» **DATA FOR REVIEW**

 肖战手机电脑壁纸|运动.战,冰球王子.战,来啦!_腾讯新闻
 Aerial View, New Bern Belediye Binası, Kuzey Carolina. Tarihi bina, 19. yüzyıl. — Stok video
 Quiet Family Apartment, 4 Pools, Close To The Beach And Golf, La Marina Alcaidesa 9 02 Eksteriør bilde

--

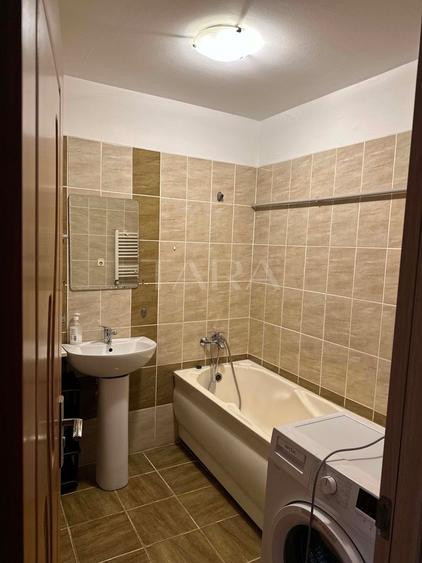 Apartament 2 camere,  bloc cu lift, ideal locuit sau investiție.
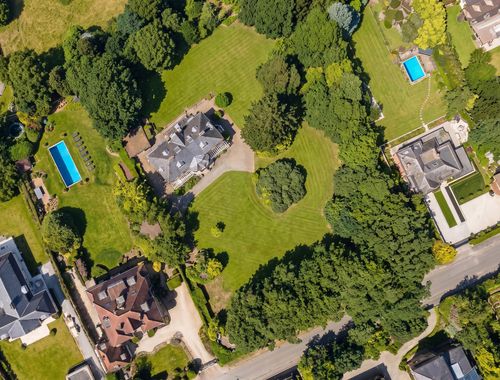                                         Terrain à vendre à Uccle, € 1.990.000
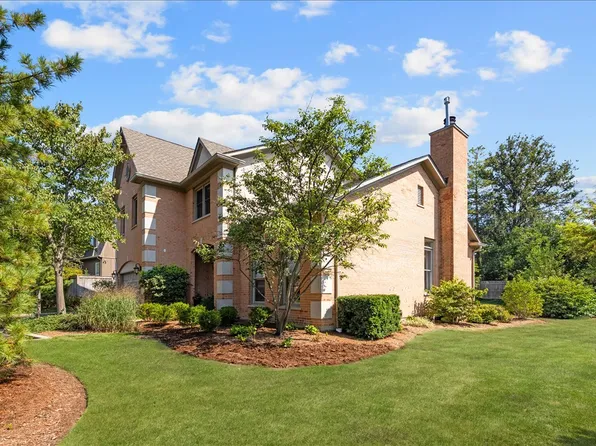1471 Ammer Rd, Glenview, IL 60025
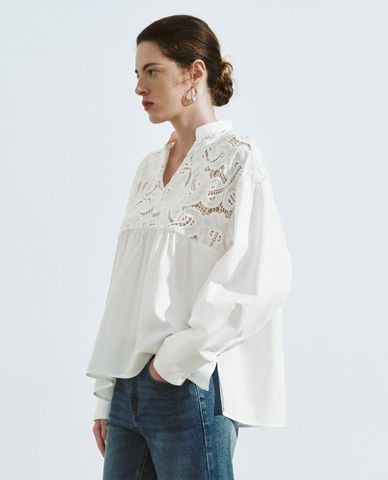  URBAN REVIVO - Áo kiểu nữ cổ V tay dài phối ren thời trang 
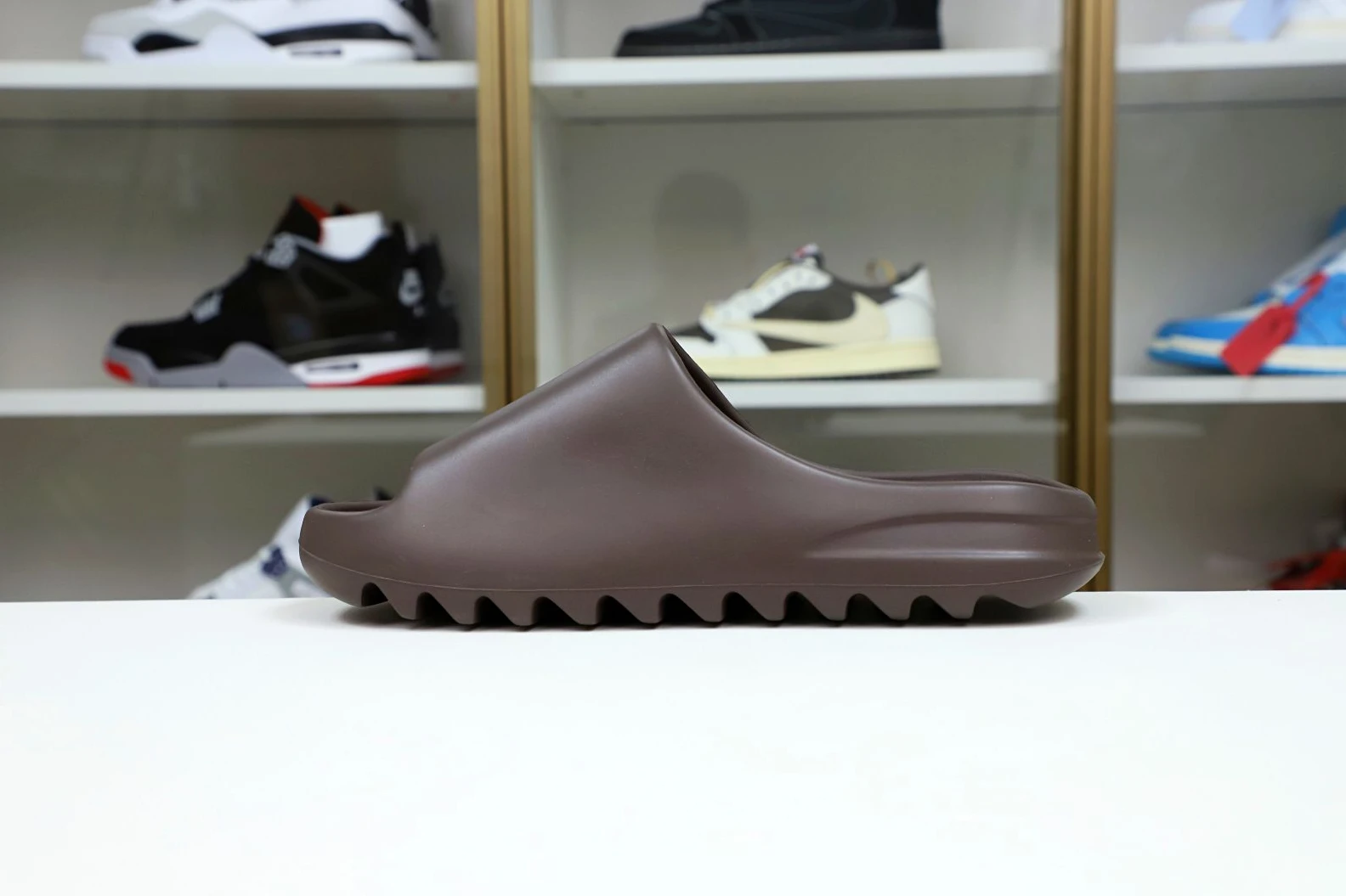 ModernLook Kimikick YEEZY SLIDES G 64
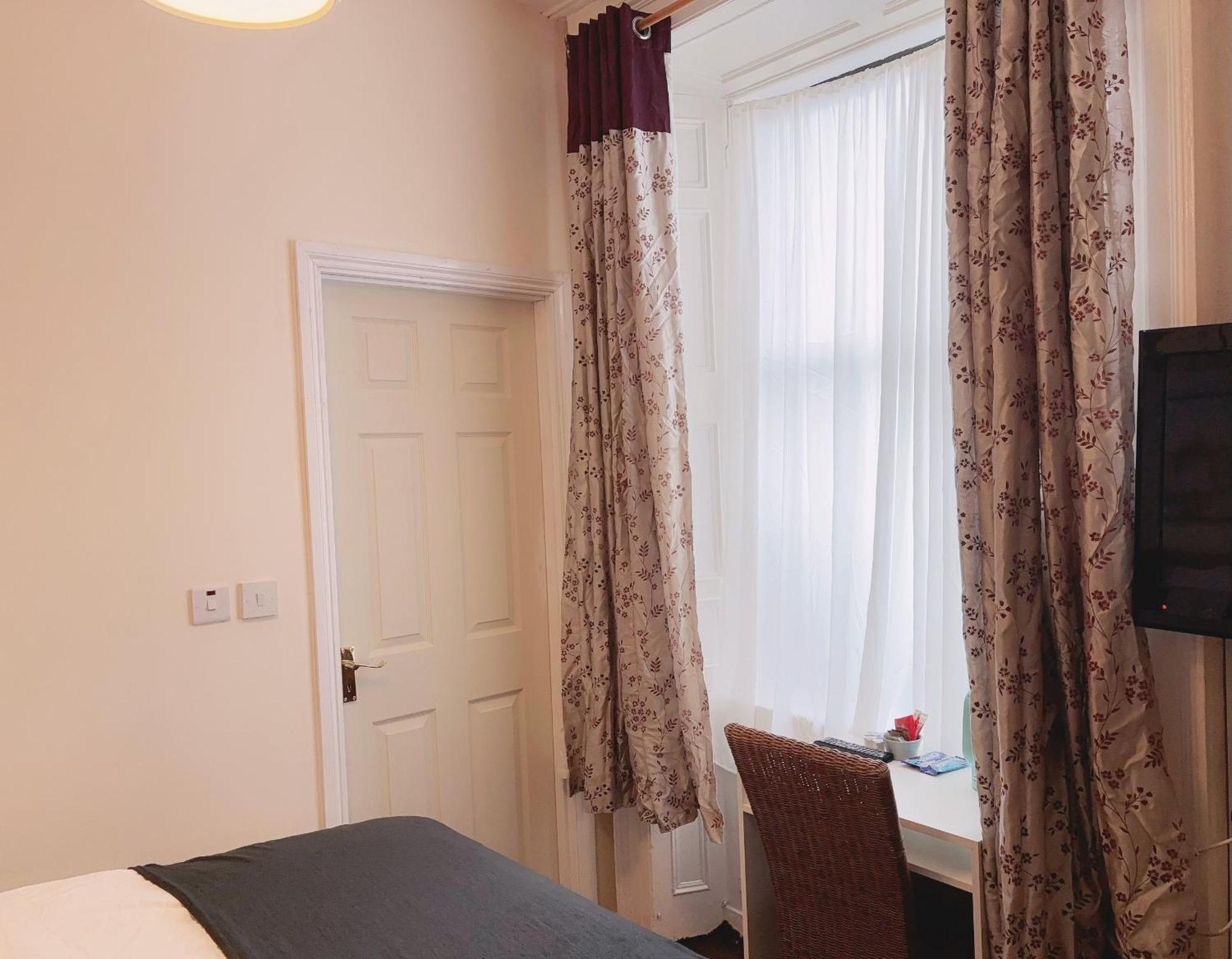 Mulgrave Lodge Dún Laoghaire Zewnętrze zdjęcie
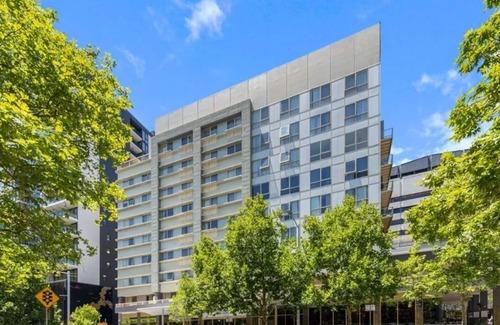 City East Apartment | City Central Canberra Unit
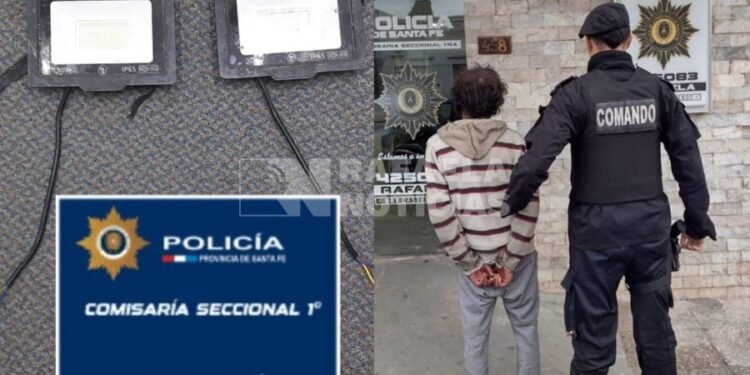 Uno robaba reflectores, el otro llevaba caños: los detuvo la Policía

» **TASK TO CARRY OUT**
Where the listing above reaches the line that contains "Aerial View, New", start retyping, and finish with the line that contains "Quiet Family Apartment, 4"; reproduce those lines exactly and no others.

» **SOLUTION FOR THIS TASK**
 Aerial View, New Bern Belediye Binası, Kuzey Carolina. Tarihi bina, 19. yüzyıl. — Stok video
 Quiet Family Apartment, 4 Pools, Close To The Beach And Golf, La Marina Alcaidesa 9 02 Eksteriør bilde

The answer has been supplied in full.